Hikmah pelajaran atas analogi ayat ini menegaskan suatu keniscayaan kepada umat manusia bahwa kekuasaan Allah Swt dengan berbagai macam ras maupun golongan manusia akan melakukan relasi keterhubungan satu sama lain dengan segala aspek lingkungan komunitasnya.
Lingkungan profesi yang sangat strategis di bidang pertanian yang mengantarkan penulis kepada suatu wilayah yang biasa digelari negeri para dewa penulis. Negeri yang melahirkan berbagai penulis dan sastrawan, tokoh pergerakan dan pejuang kemerdekaan nasional, maupun ulama berkaliber internasional.
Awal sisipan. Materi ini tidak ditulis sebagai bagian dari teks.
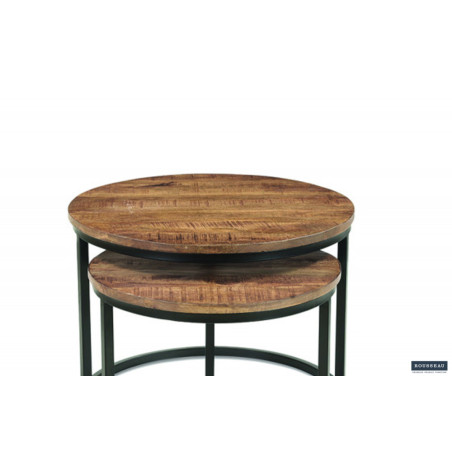 Set de 2 tables basses GALET en manguier massif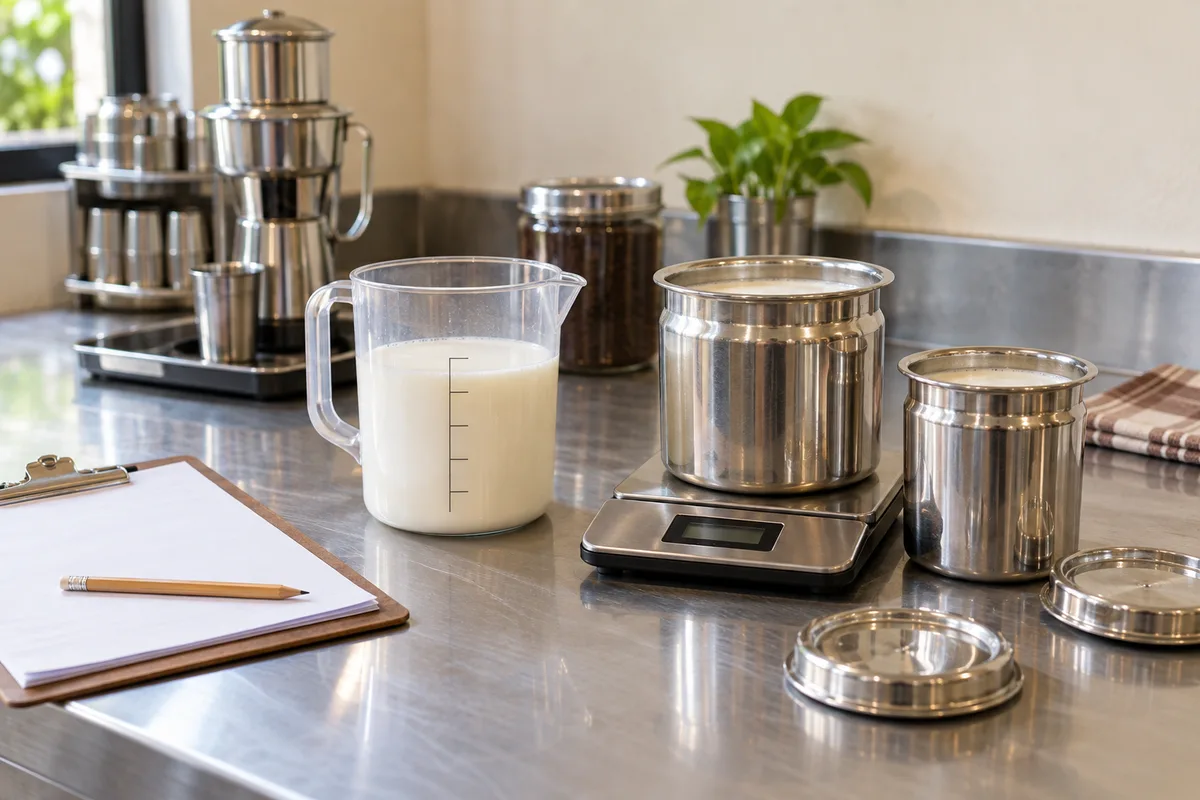 Illustrative cafe ingredient count with milk jug, steel containers, scale and blank stock sheet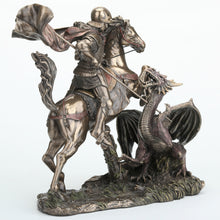 Load image into Gallery viewer, Saint George The Dragon Slayer Statue - Cold Cast Bronze Knight on Horseback Figurine, 10.75"
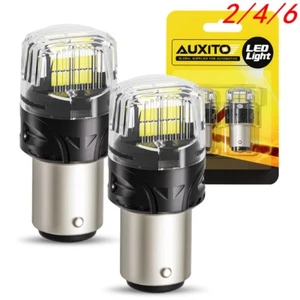 2/4 AUXITO 1157 LED Tail Brake Stop Parking Reverse Turn Signal Light Bulb White - Picture 1 of 20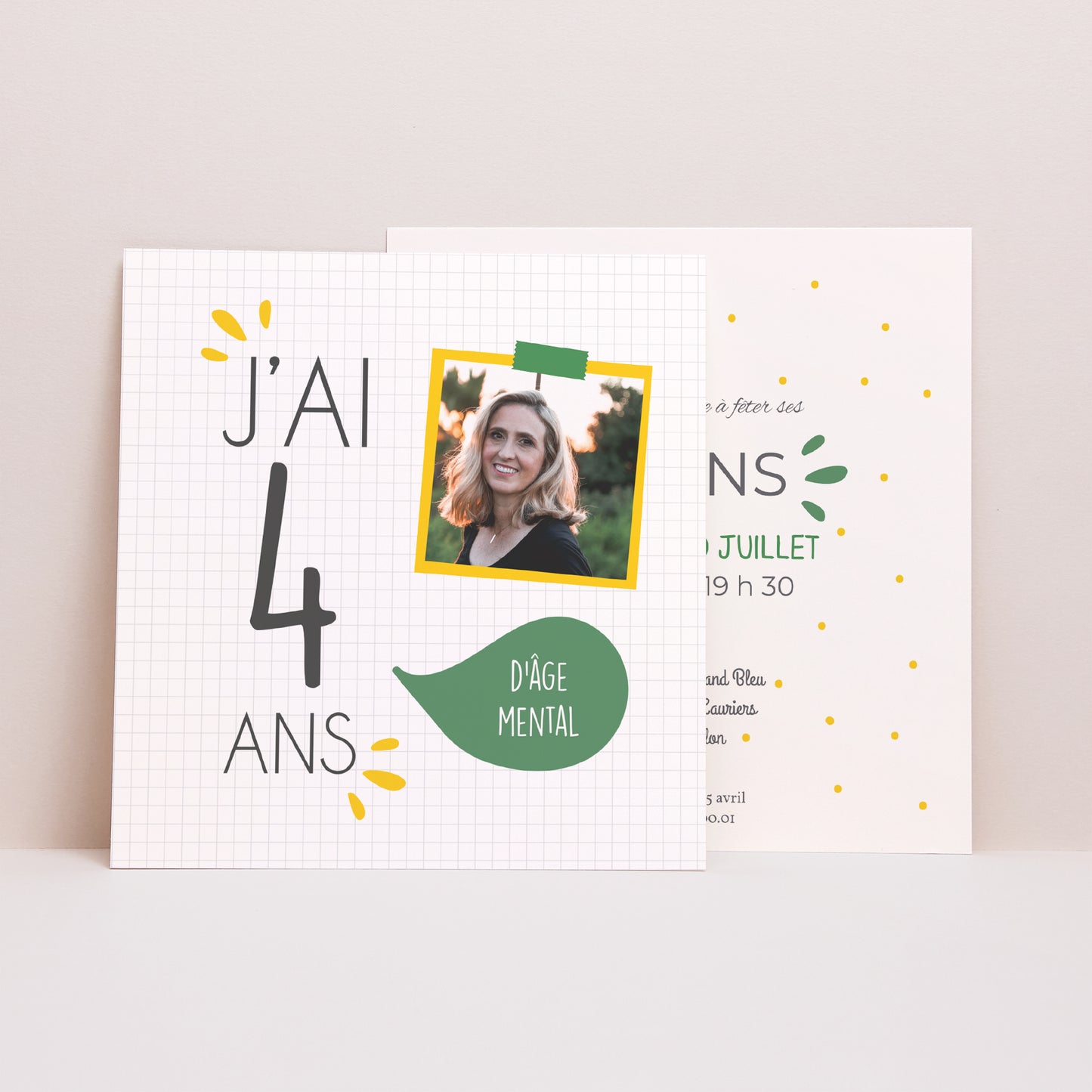 Invitations Anniversaire Adulte Carré J'ai 4 ans photo N° 1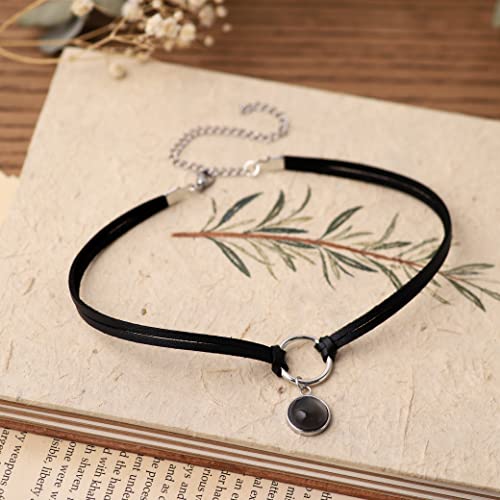 Sacina O Ring Crystal Choker, Black Choker, Boho Hippie Necklace, Gothic Necklace, Christmas Jewelry Gift for Women - color: brown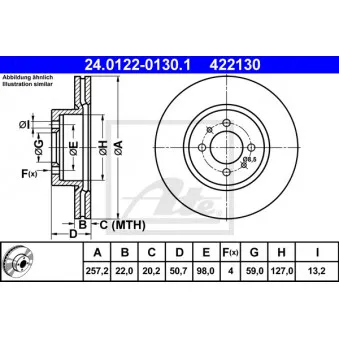 Jeu de 2 disques de frein avant ATE 24.0122-0130.1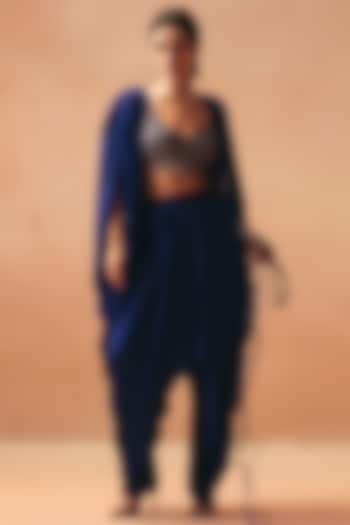 Purple Satin Embroidered Jacket Set by Kamaali Couture at Pernia's Pop Up Shop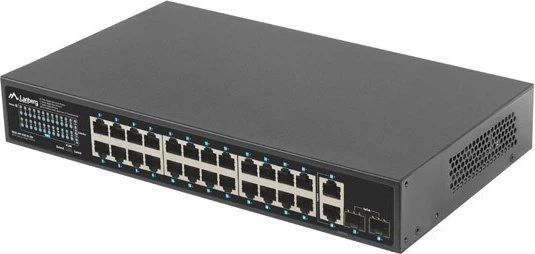Lanberg RSGE Rackmount Gigabit Switch, 24x RJ-45, 2x RJ-45/SFP, 250W PoE+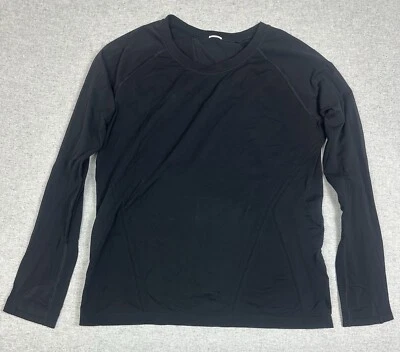 Athleta Momentum 无痕上衣女式 XL 长袖黑色状况完好 — 第 1/4 张图片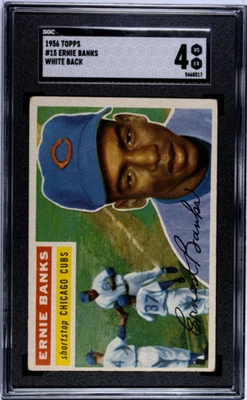 1956 Topps #15 Ernie Banks Chicago Cubs espalda blanca SGC 4 Foto 1 de 3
Negeri tersebut adalah Kota Padang Provinsi Sumatera Barat sebagai tempat perhelatan akbar Pekan Nasional Tani (Penas Tani XVI) Tahun 2023.
Sehari sebelum open ceremony Penas Tani XVI, di kompleks perkampungan kontingen petani Sulawesi Selatan pada hari Jumat, 09 Juni 2023, Bapak Gubernur Sulawesi Selatan Andi Sudirman Sulaiman, dengan diiringi hujan lebat melakukan kunjungan ramah tamah terhadap petani peserta penas asal Sulawesi Selatan. Dalam suasana ramah tamah ini, penulis menyaksikan seseorang menyerahkan sebuah buku karya tulis sebagai kado kepada orang nomor satu di Sulawesi Selatan ini.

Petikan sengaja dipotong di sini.